A Softbank spokeswoman declined to comment on the report, which cited sources familiar with the matter.
Investor skepticism has already forced money-losing The We Company to consider slashing its IPO valuation to a little more than US$20 billion, sources said last week.
That followed weak initial trading at other start-ups, including Softbank-backed Uber Technologies Inc.
While Softbank and its US$100 billion Vision Fund emphasize their long-term investing credentials, founder and CEO Masayoshi Son has set out an ambitious IPO pipeline for tech investments spanning ride-hailing, fintech and health start-ups.
Putting The We Company’s offering on hold would disrupt that schedule at a time when Softbank is seeking funds from investors for a second Vision Fund.
Softbank made a followup investment in We Company, one of its biggest tech bets, at a US$47 billion valuation earlier this year — a number widely treated with skepticism by analysts.

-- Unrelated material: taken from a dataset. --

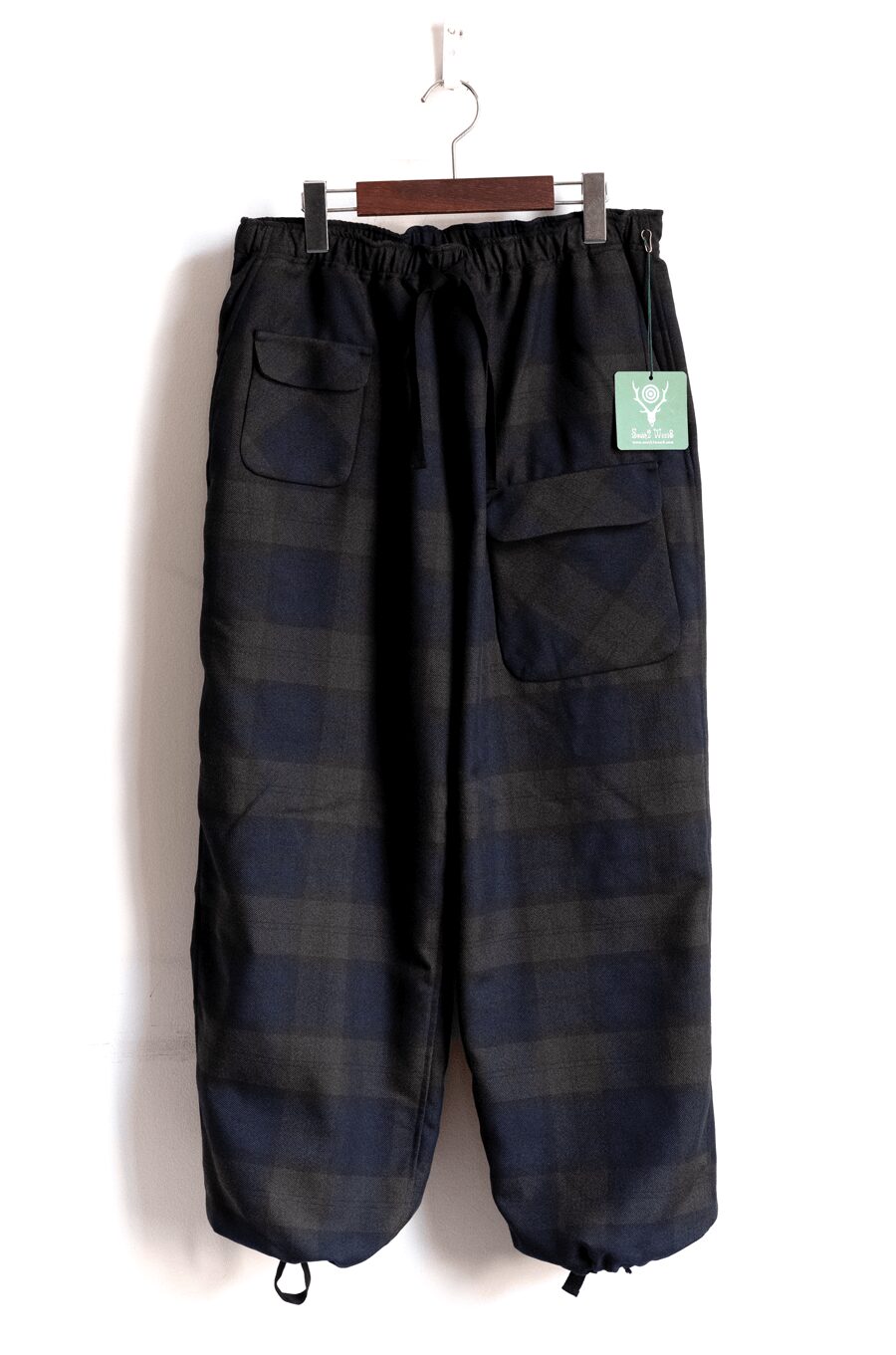 South2 West8  String Cuff Balloon Pant – Poly Plaid Twill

Sanford C. Bernstein analyst Chris Lane said that if The We Company halts the IPO, Softbank could come up with an alternative funding plan for the start-up, which he estimates needs US$9 billion in funding to become cash-flow positive.
Tech conglomerate Softbank has burned through much of the US$100 billion raised by its first Vision Fund in just two years, recording big paper gains on internal revaluations of its tech investments.
At the end of June the fund recorded the value of US$71 billion invested in 83 investments as having grown by US$20 billion. Since then the share price of portfolio companies Uber and Slack Technologies Inc have both fallen by about one-third.
Softbank said that many investments receive a vote of confidence as third parties come in as coinvestors or by making follow-on investments at the same or higher valuations.
In the case of The We Company’s US$47 billion valuation, if a tech company shelves an IPO due to a lower valuation than expected, investors are generally expected to take that fall into account when appraising their stakes.